II – No que a esta pena acessória respeita a mesma não merece censura por obedecer aos requisitos do artº 101º, nº 1 do DL 244/98, de 8/8, com as alterações introduzidas pela Lei nº 97/99, de 26/7, e DLs 4/01 de 10/1 e 34/03, de 25/2, ou seja, tratar-se cidadão estrangeiro não residente, condenado por crime doloso em pena de prisão superior a seis meses.

III – No caso vertente tal pena justificava-se ainda que o arguido fosse cidadão residente por se verificarem os requisitos dos nºs 2 e 4 daquele artº 101º - gravidade dos factos e dos bens jurídicos violados e não inserção na vida social.

Texto Integral

Acordam, em audiência, na 5ª Secção do Tribunal da Relação de Lisboa:

Iº 1. No Processo Comum (Tribunal Colectivo) nº6/03.8PEBRR, do 2º Juízo Criminal do Barreiro, foram julgados, (A) e (B)
Condenados por acórdão de 29Março04, por crimes de tráfico de estupefacientes (art.21, do Dec. Lei nº15/93) e detenção ilegal de arma (art.6, nº1, da Lei nº22/97), respectivamente, cinco anos e seis meses de prisão e oito meses de prisão e, em cúmulo jurídico, cada um, na pena única de cinco anos e nove meses de prisão e na pena acessória de expulsão do território nacional, com interdição de entrada por cinco anos, o arguido (A) interpôs recurso, tendo sido proferido acórdão por este TRL (fls.583 e segs.), considerando que os factos praticados por este arguido integram o crime do art.25, al.a, do Dec.
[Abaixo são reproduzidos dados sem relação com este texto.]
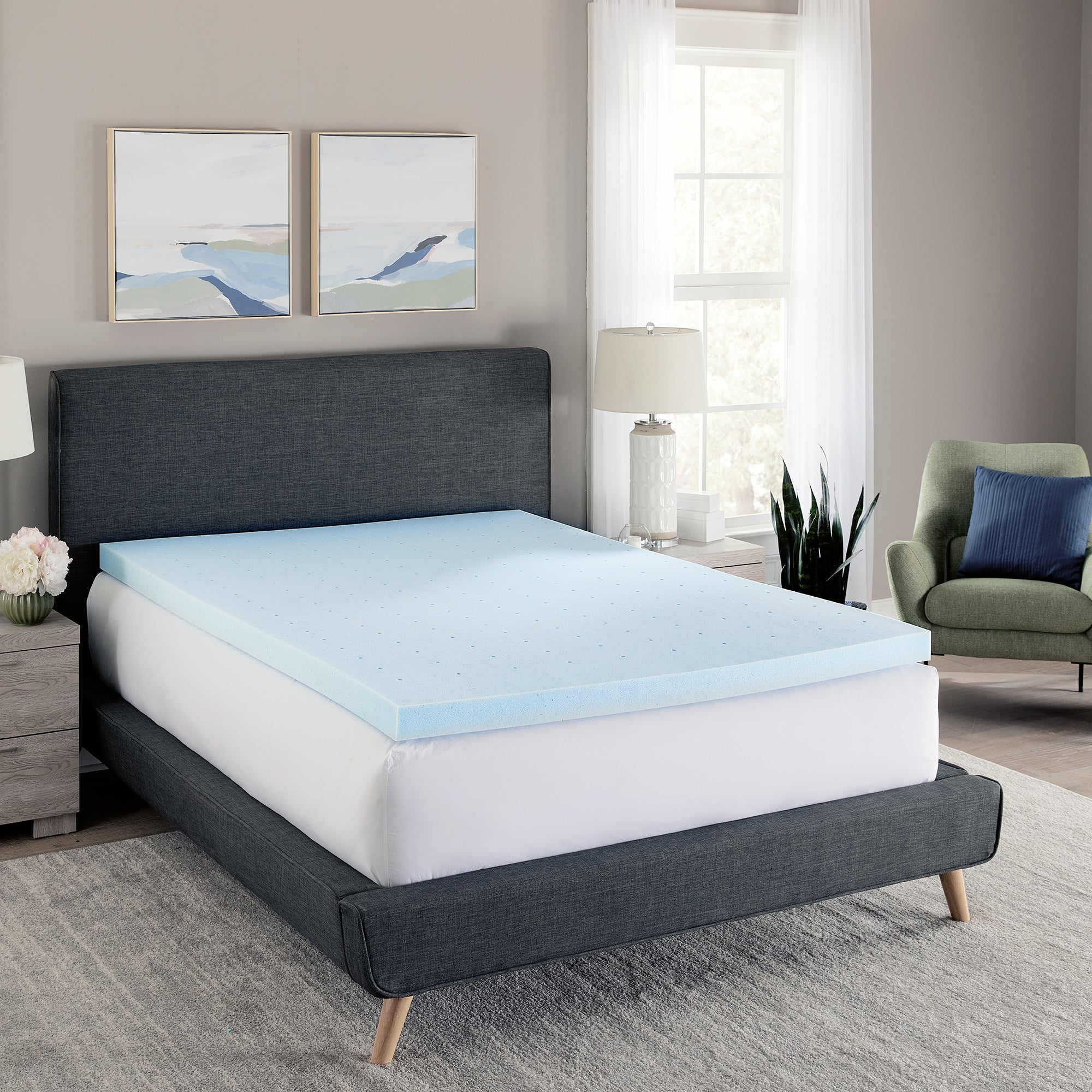  BodiPEDIC Gel-Infused Memory Foam Mattress Topper 3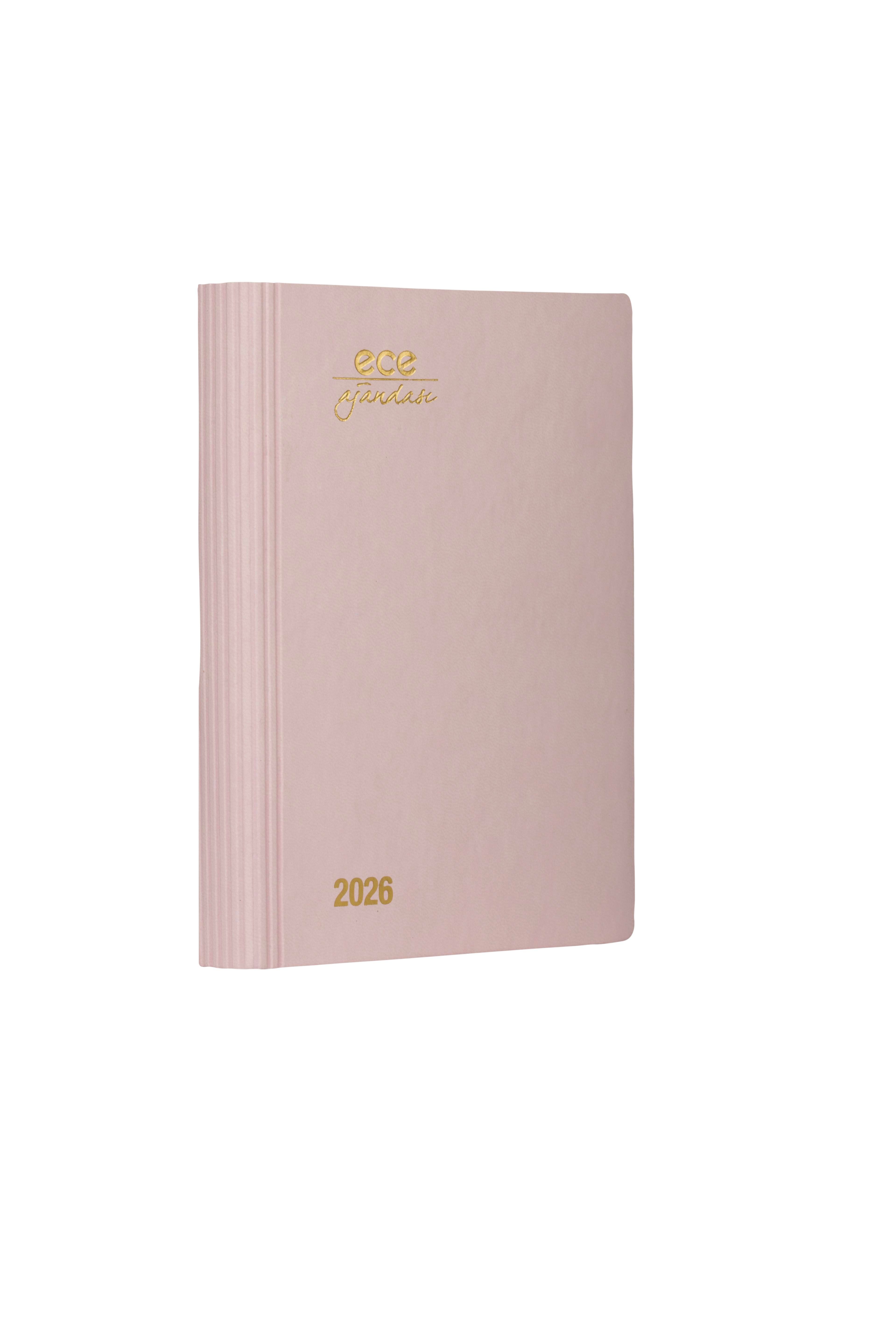 Ece-Marmaris Toz Pembe Çizgiil Günlük 12x16 2026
Lei nº15/93, anulando o acórdão proferido para que fosse cumprido art.358, nº3, do CPP.
Reaberta a audiência em 1ª instância e dado cumprimento ao ordenado pelo acórdão de fls.583 e segs., o Tribunal decidiu por acórdão de 22Out.04, além do mais, condenar o arguido (A), como autor material e em concurso real:
-de um crime de tráfico de estupefacientes, p. e p. no art.25, al.a) do Dec.Lei nº15/93, na pena de quatro anos de prisão e na pena acessória de expulsão do território nacional, sendo-lhe vedada a entrada no mesmo pelo período de cinco anos;
-um crime de detenção ilegal de arma, p. e p. no art.6, n° 1 da Lei 22/97 na pena de oito meses de prisão;
-em cumulo jurídico, na pena única de quatro anos e três meses de prisão e na pena acessória de expulsão do território nacional, sendo-lhe vedada a entrada no mesmo pelo período de cinco anos;

2. Desta decisão recorre o arguido, (A), tendo apresentado motivações, das quais extraiu as seguintes conclusões:
2.1 O ora recorrente discorda da medida concreta da pena que lhe foi aplicada, a qual se afigura manifestamente exagerada e desproporcional;
2.2 O Douto Tribunal não valorou convenientemente todas as circunstâncias atenuantes que militam a favor do recorrente, nomeadamente não possuir antecedentes criminais e ter confessado integralmente e sem reservas todos os factos constantes da Douta Acusação Pública;
2.3 Perante esta evidência, deveria o Douto Tribunal aplicar o “quantum” da pena em três (3) anos de prisão, suspensos na sua execução por igual período de tempo;
2.4 Por último, discorda o ora recorrente da pena acessória de expulsão do Pais, com interdição de entrada por cinco anos, uma vez que o mesmo tem laços familiares e profissionais consistentes em Portugal, para alem de ter sido já titular de uma Autorização de Residência que caducou devido a sua situação de prisão preventiva;
2.5 Pelo que deve ser dado sem efeito a pena acessória de expulsão decretada pelo Tribunal “a quo”.    
Violou assim o Douto Tribunal, as normas constantes dos artigos 40º e 71º do C.P. e ainda as normas do artigo 101º n.º 1 do D.L. 244/98 de 08/08, na redacção dada pelo D.L. 4/01 de 10 de Janeiro;
Nestes termos e nos demais de Direito e com o sempre mui Douto Suprimento de V. Excias, atento tudo o supra exposto, deverá o presente recurso obter provimento e condenar-se o arguido pela prática do crime de tráfico de estupefacientes e da pratica de um crime de detenção de arma proibida  numa pena única  de três anos de prisão, suspensos na sua execução por igual período de tempo.   
Por outro lado V. Exciªs deverão dar sem efeito a pena acessória de expulsão do Território Nacional por um período de cinco anos que lhe foi imposta.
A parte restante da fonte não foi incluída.